Se bem todos os objetivos esperados a serem alcançados pela lei são importantes, gostaria de fazer foco naquele que diz: “.... Garantir a todos o acesso à informação, orientação e métodos referidos à saúde sexual e procriação responsável. ” (Inc. f). O acesso à informação em relação ao tema é, na minha opinião, um dos pontos mais importantes da lei, porque vai fazer com que as escolas sejam um dos centros de informação por excelência na formação do sujeito.


O artigo 5 diz que é o Ministério de Saúde junto com o Ministério de Desenvolvimento Social os que capacitarão os educadores com o fim de formar agentes capazes de efetivarem a norma. Essa capacitação tem a ver com a atualização dos conhecimentos, a criação de espaços de reflexão, criação de programas jurisdicionais relacionados com o assunto central da lei, etc.

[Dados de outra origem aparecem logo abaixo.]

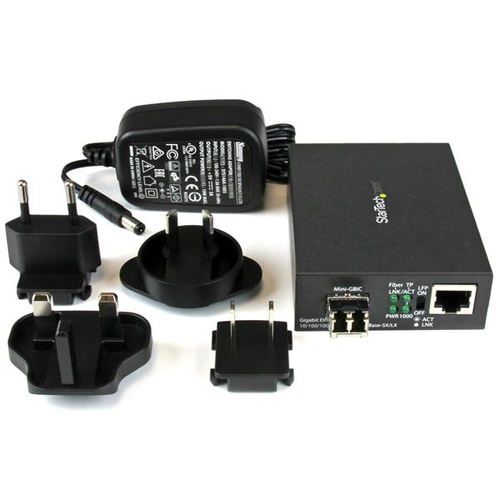 Miniatura 2 de Conversor de medios StarTech.com Gigabit Ethernet, 1000 Mbit/s, LC, 550 m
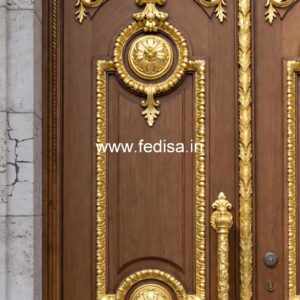 Rustic Classic Door Door Design Main Gate No-10892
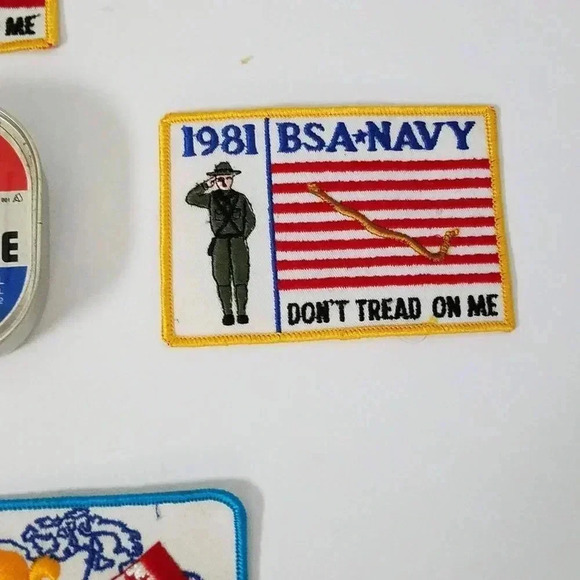 Boy Scouts of America 1981 National Jamboree Lot - Picture 4 of 5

Por último, o artigo 9 diz que: “As instituições educativas públicas de gestão privada confessional ou não, darão cumprimento à presente norma no marco das suas convicções. ” Este artigo é aquele que introduz a aplicação da lei dentro do âmbito educativo, dentro das escolas. Dita introdução é equivalente tanto para as escolas da rede pública quanto aquelas da rede privada, mesmo quando forem confessionais. Este artigo traz um debate muito forte devido que muitas famílias conservadoras se negaram de forma rotunda ao fato de seus filhos receberem qualquer tipo de informação em relação à educação sexual fora do âmbito familiar.


2.1.b A Lei 26.150 de “Programa Nacional de Educação Sexual Integral”

Foi sancionada e promulgada pelo Senado e pela Câmara de Deputados no dia 4 de outubro de 2006. Entre seus objetivos principais, estabelecidos no artigo 2, estão a incorporação da educação sexual integral dentro das propostas educativas; assegurar a transmissão de conhecimentos pertinentes e confiáveis atualizados; promover atitudes responsáveis ante a sexualidade, prevenir problemas relacionados com a saúde em geral e a saúde sexual e reprodutiva; fomentar a igualdade de tratamento e oportunidades tanto em homens quanto em mulheres.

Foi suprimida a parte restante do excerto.